Background: Consider that meal kit delivery was introduced in the U.S., Netherlands, Australia and the U.K. in 2012, five years after Sweden’s launch in 2007. Meal kit services have taken off in grocery stores and restaurants. Phil Lempert shares in his overview on Day 1, that the meal kit cost per person has increased from $5 – $10 to $20. Many more food delivery options are available but Lempert asks about their sustainability as it’s estimated that the average online food order that is delivered loses about $10.

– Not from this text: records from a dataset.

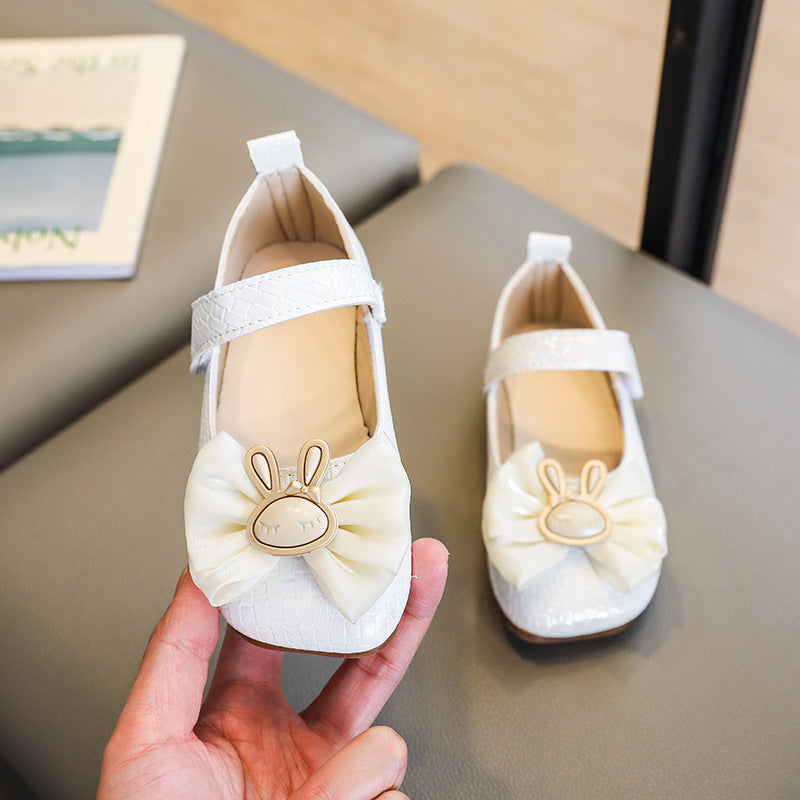 Girls' leather shoes -  spring new arrivals: versatile and stylish princess shoes for little girls, perfect for spring and autumn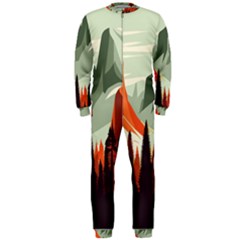 Mountain Travel Canyon Nature Tree Wood Onepiece Jumpsuit (men) by Maspions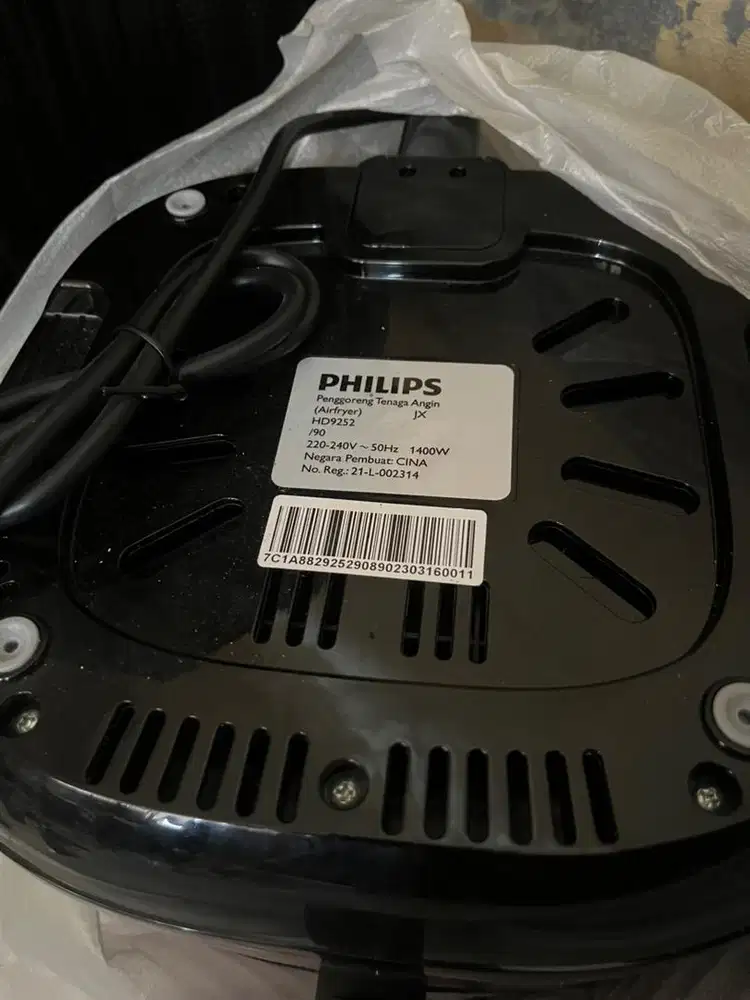 Digital air fryer hd9252 philips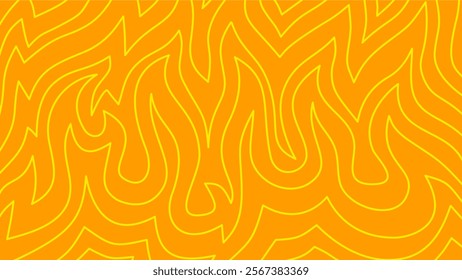 flames background. Continuous fire line design. Flame outline background. Fire Background. doodle fire background. Flame Seamless Pattern.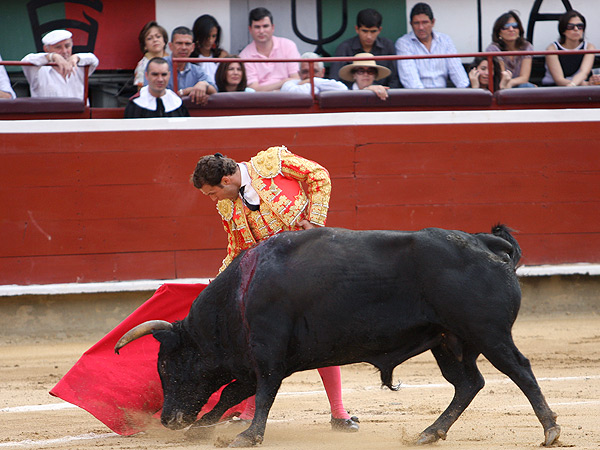 Ferrera con su primero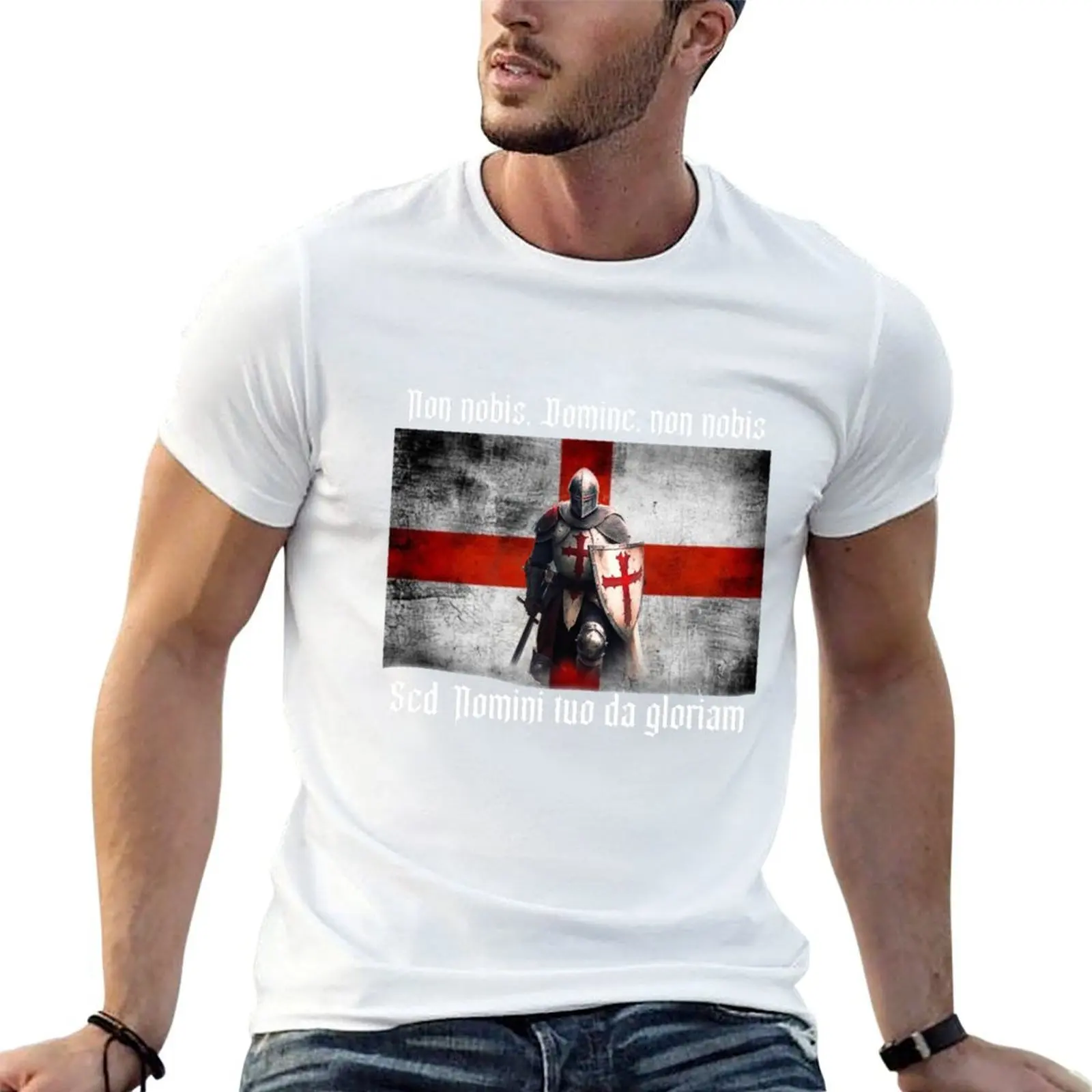 

Templar Knight T-Shirt funny t shirts cotton printed t shirts for man anime t shirts oversize T-Shirt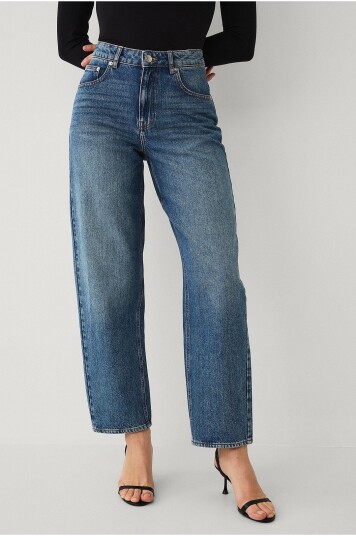 Ellos Collection Barrel jeans Blå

**Day 1: recording (5 hours and 45 minutes) Topics: industry practices and standards (representatives from the government as well as retailers included Grubhub, Blue Apron, Wendy’s, Amazon, Kroger, Instacart, Unilever); consumer perspectives on safety (representatives from research, non-profit and a coalition focused on consumer ed); public comments. The overview of trends by Phil Lempert, Supermarket Guru was very informative (begins 31:30); challenges with e-commerce includes eye-opening research conducted in 2011 (begins @ 3:32:44). Study results are summarized.
Takeaways: The 2011 research of meat, poultry, fish and game delivered via major delivery services and the follow-up conversation with the researcher, a non-profit/coalition reflected some troubling observations: Anyone can sell food online…all you need is a website. There is a lot of churn in the online food world…companies come and go. Finding where to lodge a complaint if there is a problem may not be possible. There is no one central registry of vendors selling food online which in some cases means going on social media to do your own detective work. Food safety information may be missing, incorrect or hard-to-find. It is unclear whose responsibility it is to keep food delivered safe to eat – the vendor, the delivery service? According to the research presented, consumers seemed overwhelmingly happy with the safety and quality of the products they received yet 47% of products arrived with a surface temperature above 40 degrees. New technology such as temperature sensors could help but the temperature inside a box doesn’t mean all items are at the same temperature.
**Day 2: recording (4 hours and 37 minutes). Topics: state association and public/private perspectives on e-commerce food safety; FDA and USDA regulatory framework perspectives; public comments. The discussion session of state association and public/private perspectives was very informative (begins @ 1:37:32). The document referenced by Dr. Schaffner can be found by going to (http://www.foodprotect.org/issues/packets/2020Packet/issues/III_004.html), click on ‘guidance document for DtC and TPD Service Food Delivery’ (3) (2019) which takes you to a 40 page PDF. The FDA & USDA regulatory framework session was also informative especially the first section overview of the changing nature of B2C (business to consumer) and D2C (direct to consumer) presented by Dr. Girvin Liggans, FDA CFSAN (begins @ 2:59:22). The National Environmental Health Association YouTube channel has several recent videos on topics such as ghost kitchens, food safety and third party delivery.
Takeaways: The document Dr. Schaffner refers to (guidance document for D2C (direct-to-consumer) and third-party delivery service food delivery) was the work of an intensive and comprehensive 2018-2020 committee.
**Day 3: recording (2 hours and 32 minutes) looks at what is happening internationally and public comments.